> _GIVEN MATERIAL_:
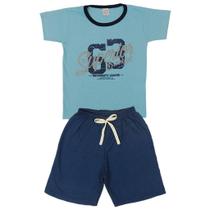 Conjunto Camiseta University League Azul e Bermuda - Luky & Buky Conjunto Camiseta University League Azul e Bermuda - Luky & Buky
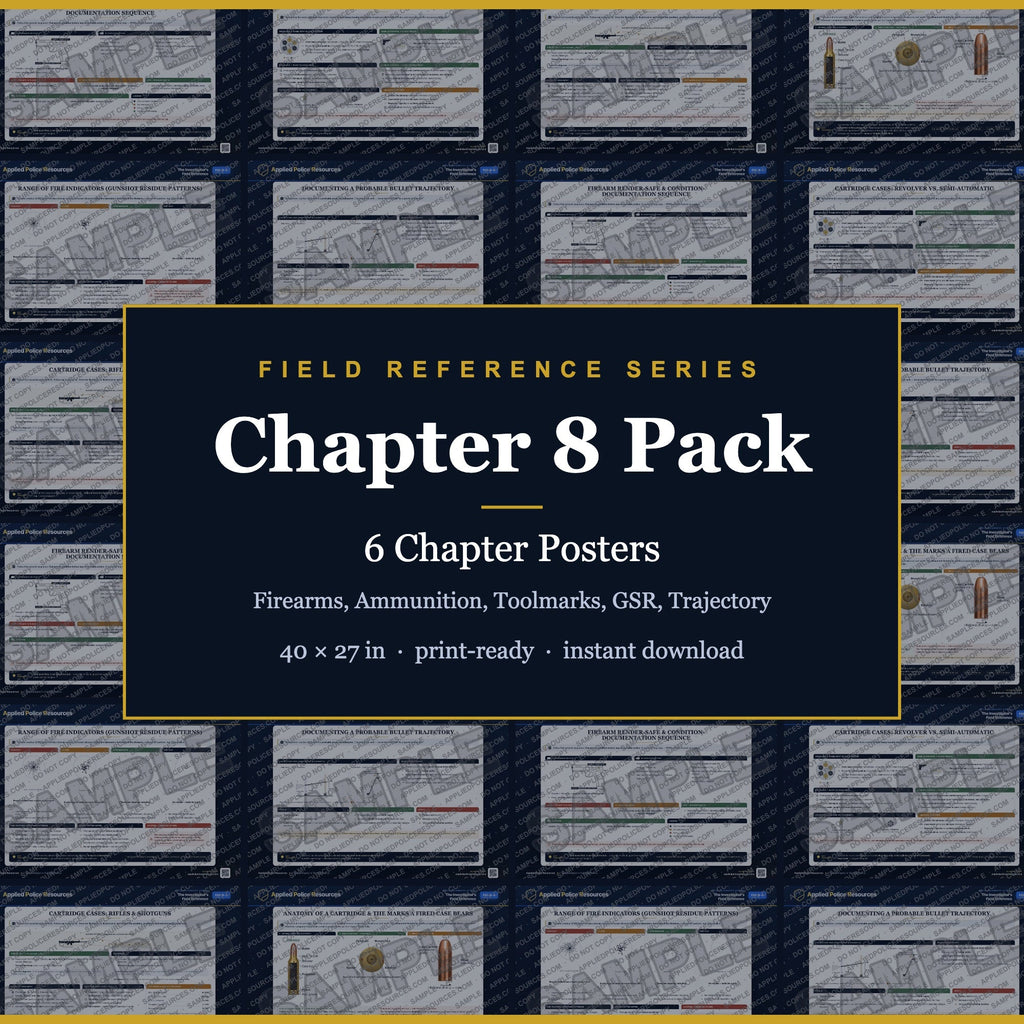 Chapter 8 Poster Pack — Firearms, Ammunition, Toolmarks, GSR, Trajectory (Field Reference Series)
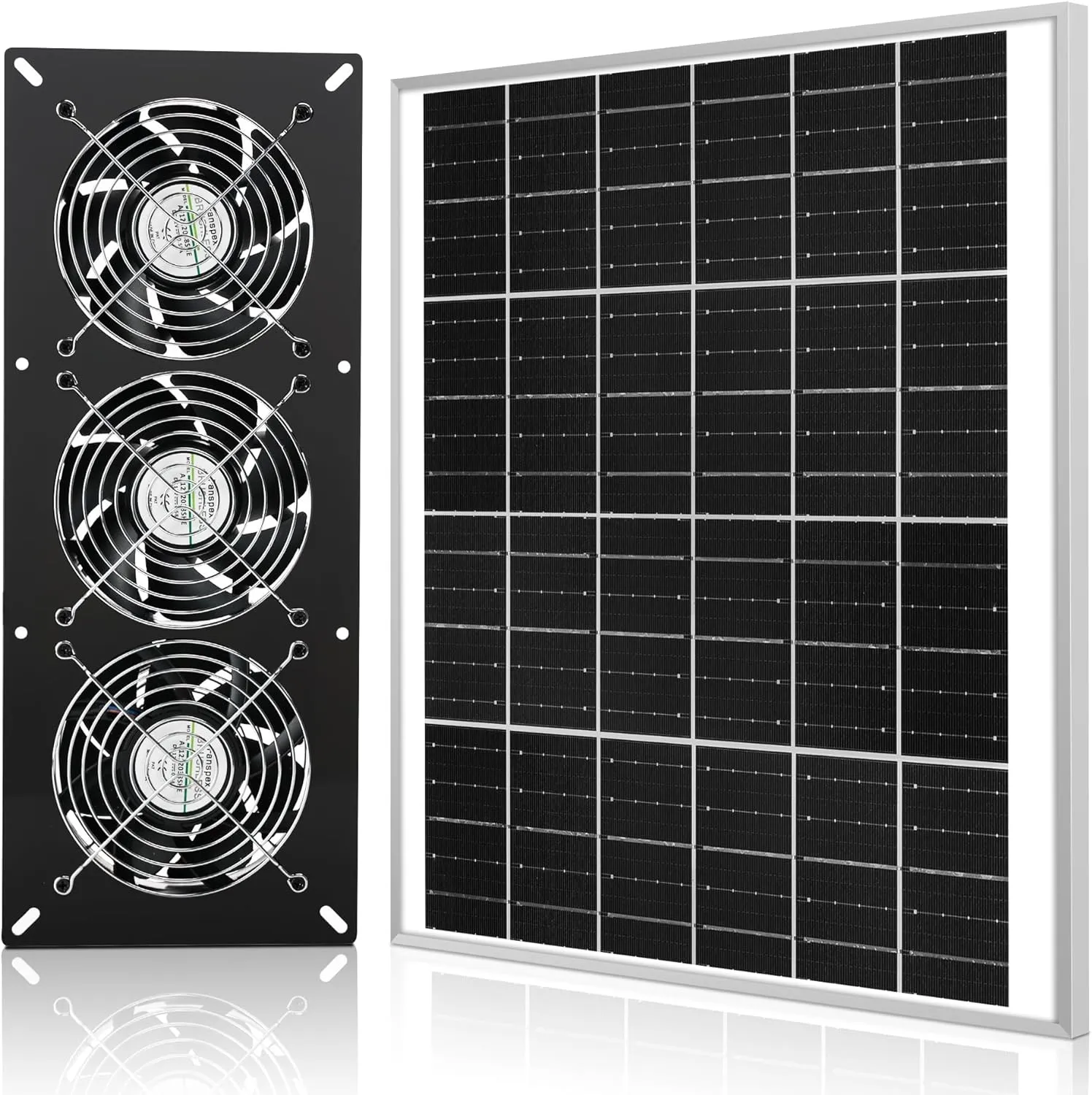 Solar 3 Fan Kit, 25W Solar Panel Powered Exhaust Fan for Outdoor Chicken Coop, Greenhouse & Shed, Intake or Exhaust Air for Cooling, IP67 Waterproof, 3500RPM, 15FT Cord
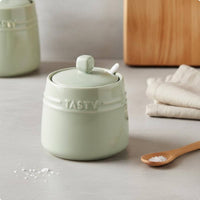Ceramic Seasoning Jar with Spoon Modern Design Ceramic Condiment Set Space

> _YOUR OBJECTIVE_: Retype the listing above exactly, pictures excluded.

> _SOLUTION BELOW_:
 Conjunto Camiseta University League Azul e Bermuda - Luky & Buky Conjunto Camiseta University League Azul e Bermuda - Luky & Buky
 Chapter 8 Poster Pack — Firearms, Ammunition, Toolmarks, GSR, Trajectory (Field Reference Series)
 Solar 3 Fan Kit, 25W Solar Panel Powered Exhaust Fan for Outdoor Chicken Coop, Greenhouse & Shed, Intake or Exhaust Air for Cooling, IP67 Waterproof, 3500RPM, 15FT Cord
Ceramic Seasoning Jar with Spoon Modern Design Ceramic Condiment Set Space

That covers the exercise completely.